Chapter 1: Getting a Job
~Love Is a Ring Toss Game~
"How could you do something like this?" I hissed, eyes holding a sharp glare and pressing my hand to my head in an attempt to quell the migraine that was threatening to unleash itself at any moment. I needed a glass of wine.
"Maxima Juliet Dawson, don't speak to your mother that way," Dad interjected from behind his coffee cup from where he was sitting across the kitchen.
"Dad, I'm 28. I'm adult and Mom is an adult. As an adult, I am treating her like I would any adult that had meddled in my life to this extent!" I stated, my glare now in his direction, but he wasn't even looking at me, he hadn't even taken his eyes off of the newspaper.
"As long as you are under my roof Midge, you are going to be respectful to your mother," Dad, stated sounding like it took zero brain power to produce the well-used line. I had heard this almost every argument growing up. I love to argue; I had heard this particular phrase a lot.

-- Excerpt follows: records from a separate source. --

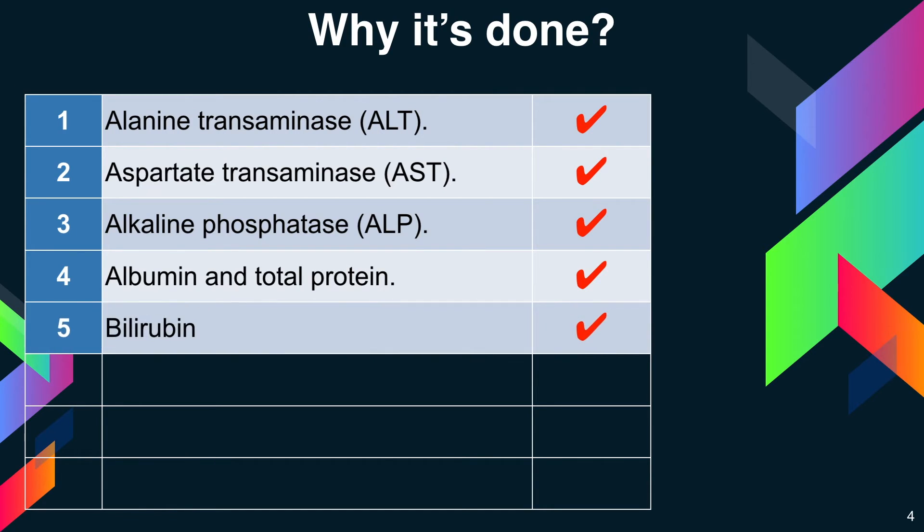Next is bilirubin. Bilirubin is a substance produced during the normal breakdown of red blood cells. Bilirubin passes through the liver and is excreted in the stool. Elevated levels of bilirubin, which can cause jaundice, might indicate liver damage, disease, or certain types of anemia.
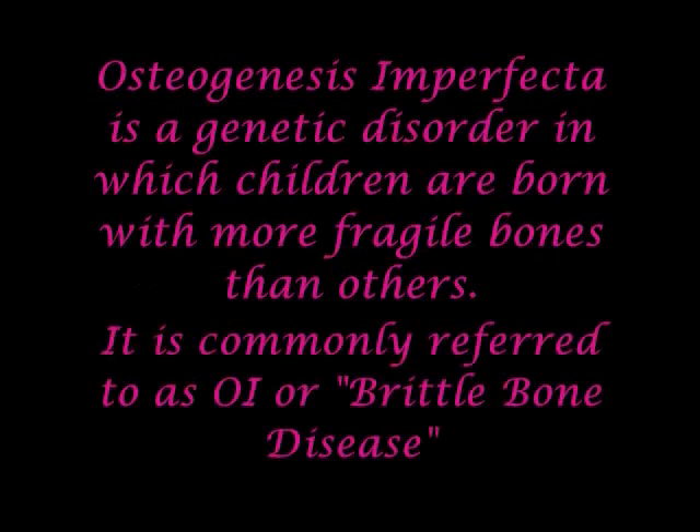Osteogenesis imperfecta is a genetic disorder in which children are born with more fragile bones than others. It is commonly referred to as OI, or brittle bone disease.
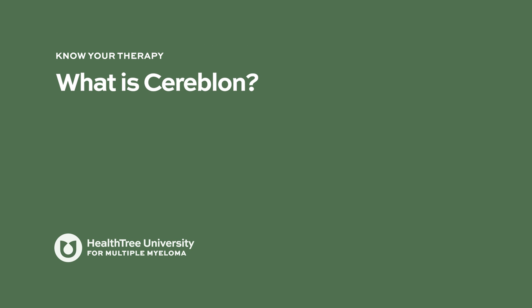What is cereblon? Cereblon is a receptor protein ligase expressed in immune cells like B cells and T cells. It binds to certain transcription factors and keeps them in check. When lenalidomide binds to cereblon, it increases cereblon's affinity for those transcription factors. As a ligase protein, cereblon causes degradation of those transcription factors, which interferes with the cell cycle needed for cell survival and growth, eventually leading to apoptosis, or cell death.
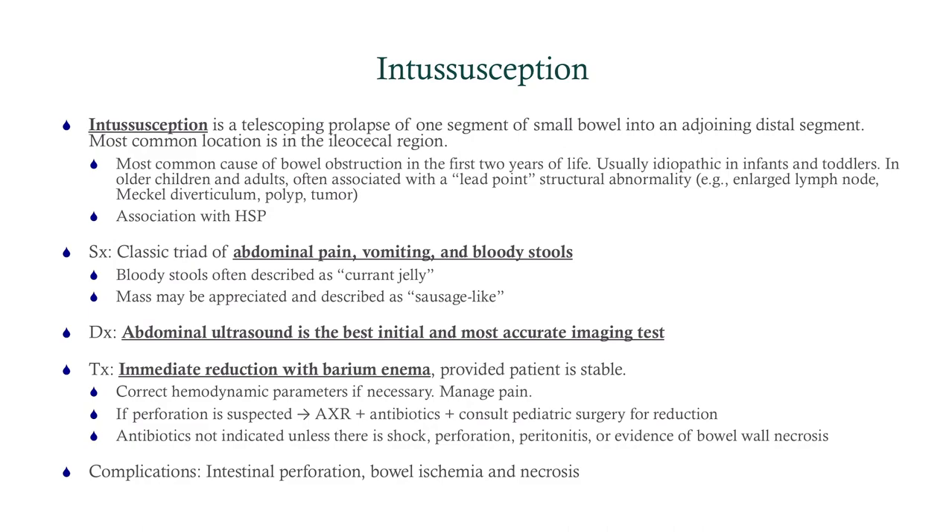Intussusception is a telescoping prolapse of one segment of bowel into the distal bowel. The most common location is the ileocecal region, appreciated in the right upper quadrant. It's the most common cause of bowel obstruction in the first two years of life, and is idiopathic in most infants and toddlers under two or three years. In older children and adults it's associated with a lead point — a structural abnormality. In a two-year-old, think Meckel's diverticulum. In older patients, think enlarged lymph nodes, tumors, or Henoch-Schönlein purpura, which is a vasculitis that can serve as a lead point.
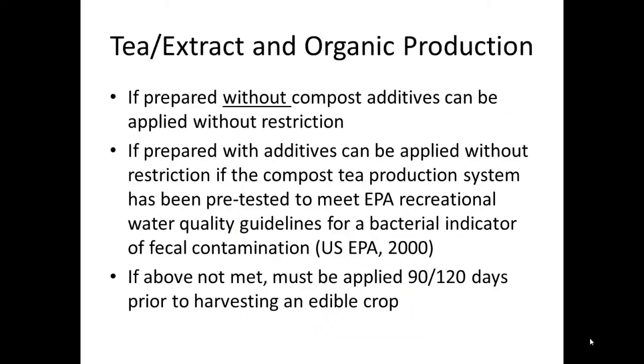In certified organic production, teas and extracts can be used if certain criteria are met. If the material is prepared without compost additives, it can be used on edible crops without restriction. If the material is prepared with additives, then it can be applied without restriction if the compost tea production system and materials have been pre-tested to meet EPA guidelines for a bacterial indicator of fecal contamination.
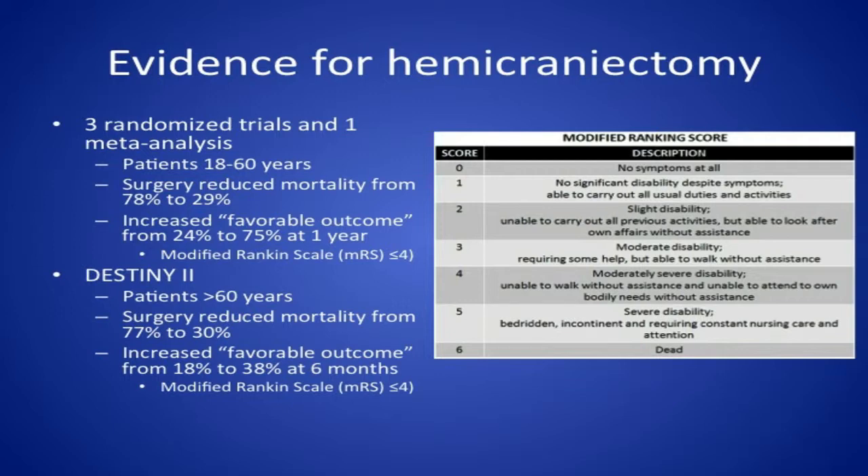It's important to look at how these studies define favorable outcomes. They use the modified Rankin Scale — a scoring system based on clinician reports of functional status, scored from zero (no symptoms at all) to six (death). They define a favorable outcome as a modified Rankin of less than or equal to four, meaning moderate-severe disability — unable to walk without assistance and unable to attend to one's own bodily needs without assistance. The DESTINY-2 trial, published in the New England Journal of Medicine, showed for patients over 60 that surgery reduces mortality from 77 to 30 percent and increases favorable outcomes from 18 to 38 percent at six months.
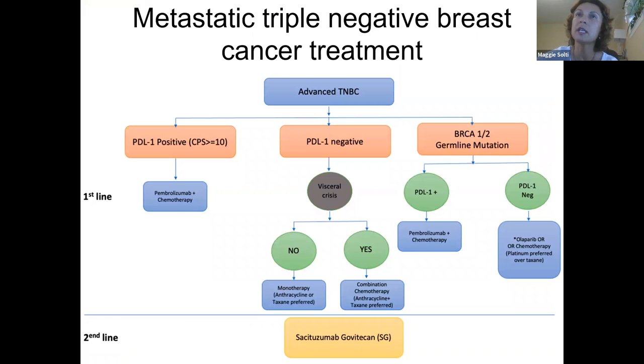Here is the current schema of treatment options for metastatic triple-negative cancer. We test first for immunotherapy responsiveness — for cancers with PD-L1 expression, we treat with pembrolizumab plus chemotherapy. For cancers with the BRCA gene mutation, we now have the PARP inhibitor option. For those who do not express either target, they still need to go through chemotherapy first, and in a second-line setting, the antibody drug conjugate sacituzumab govitecan is approved.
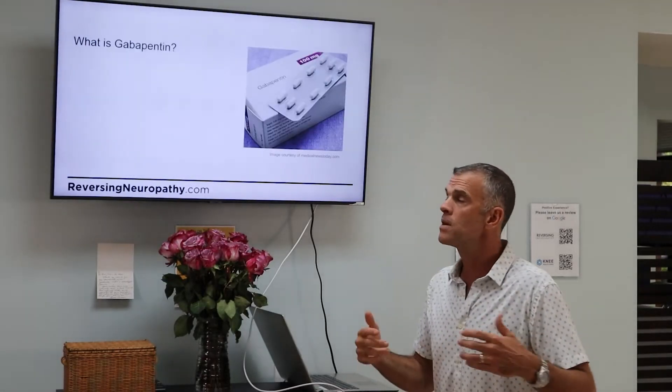Like all medications, gabapentin does have side effects. This doesn't mean you'll experience all of them — maybe some, maybe none. Even at recommended dosages — max dose is 600 milligrams three times a day, so 1,800 milligrams total — it can cause neurological adverse events. Dizziness is common. Patients often say it makes them feel like a zombie; it slows things down and affects thinking. Side effects include sleepiness, euphoria, other psychedelic effects, and dependence.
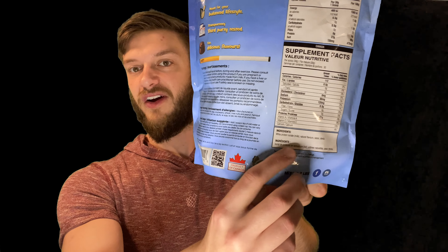Being a protein isolate, I find that if you're lactose intolerant this protein probably isn't going to affect you at all, which is really nice. I have some friends that are lactose intolerant and they take this with no issues. Looking at the ingredients, it's very basic — not a whole lot in it. Whey protein isolate from milk, natural flavors, cocoa, and stevia.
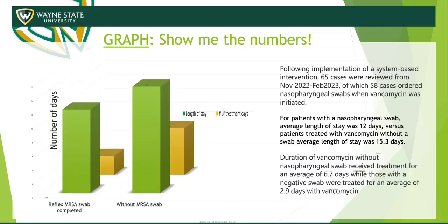Here is a graph representation of what I was explaining. The y-axis is the number of days, and the x-axis represents reflex MRSA swab completed versus without MRSA swab completed. The green bar is length of stay — without the MRSA swab, patients had a longer length of stay at 15.3 days, as opposed to 12 days with the reflex MRSA swab. The number of treatment days without the MRSA swab was 6.7 on average, as opposed to 2.7 with the swab.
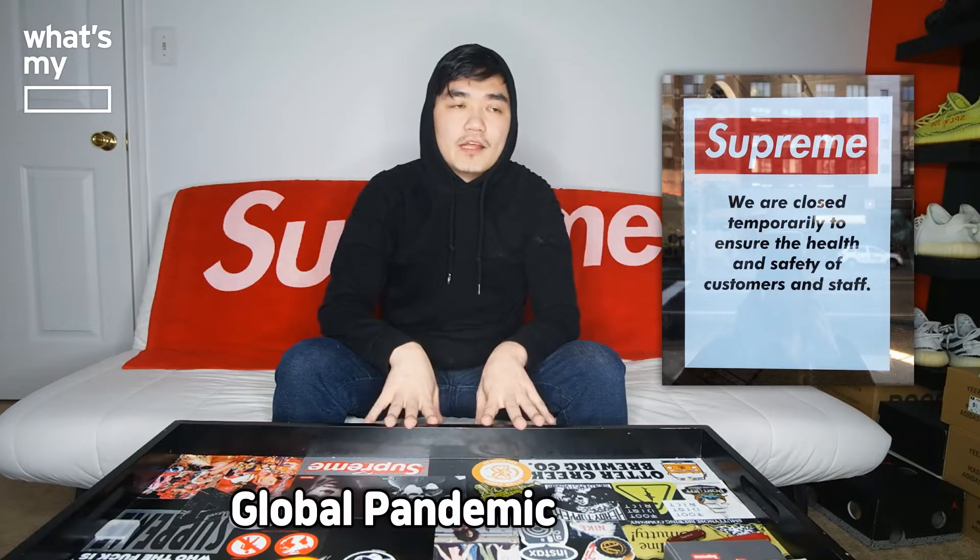Supreme Week 4, the Reynolds Z drop was special. They did an online only, and that was particularly because they decided to close all of their Supreme stores down, even in Europe, California, New York, due to the whole global pandemic, coronavirus that's occurring right now. Even in New York, New Jersey, we have a statewide shutdown where all the non-essential businesses are closing down.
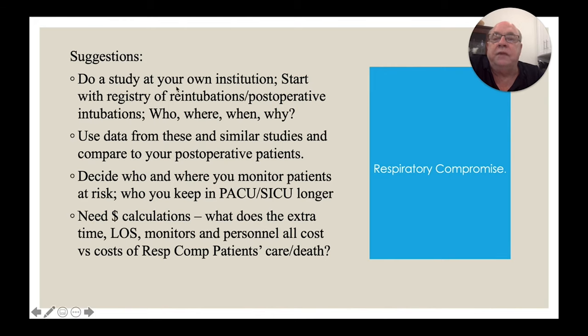I hope this gives you a place to start. Look at your patients and decide if you have a problem. Look at the studies I've included and see where your hospital fits. If you do it right — as some other institutions have done — you can lower your mortality, lower length of stay, and take better care of your patients. I hope this has helped. Take care, and I hope to see you at some live meetings in the near future. Thank you.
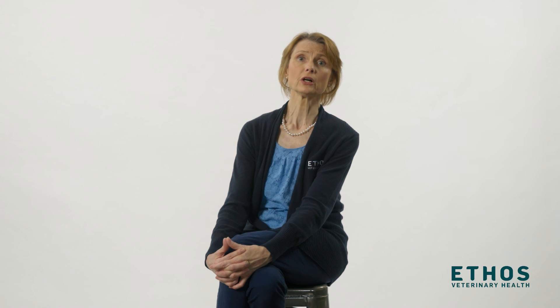Dogs that don't receive any treatment may only have about six months before their signs progress to the point where quality of life is significantly diminished. When we treat our patients, we often find that we can extend their lifespan to about 12 to 18 months with a good quality of life. This may require the use of several different treatments over time, but we often find periods of stability through treatment so our dogs can maintain good quality of life for longer.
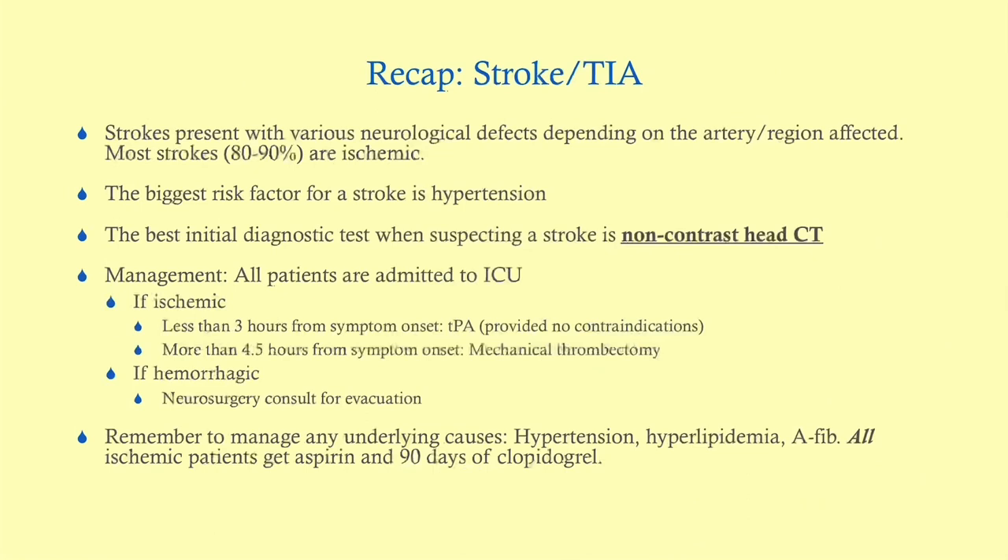To recap: strokes present with various neurological deficits depending on the region affected. Most are ischemic; the biggest risk factor is hypertension. The best initial diagnostic test is a non-contrast CT. All patients are admitted to the ICU. If ischemic and less than 3 hours from symptom onset, give TPA if no contraindications. If more than 4.5 hours from onset, do thrombectomy. If hemorrhagic, it's a neurosurgery consult. Manage underlying causes: hypertension, hyperlipidemia, and AFib. All ischemic stroke patients get aspirin and 90 days of clopidogrel. If they have AFib, consider direct oral anticoagulants.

"Mom is under your roof, can she be respectful to me?" I inquired tersely. "She sent in my resume and an application to Harris, Hewitt & Myers," I hissed as if it should explain everything.
"You've been looking for a job for months, I don't see the problem." He replied, flipping the page and taking another swig of coffee.
"Harris, Hewitt & Myers has had a job freeze on hiring lawyers! the only opening is as a personal assistant," I stated, trying to keep my blood from boiling.
"A job is a job Midge," Dad said, he would see it that way. He wouldn't think about how I had slaved two jobs and kept a GPA high enough to get scholarships-still had student loans, all to go to Columbia University, to become a lawyer. Not a coffee runner, not a dry-cleaning grabber, not a call screen-er, not a message taker, not a schedule checker, a damn lawyer. Why couldn't he see that? Why couldn't he see how this would feel from my end of things?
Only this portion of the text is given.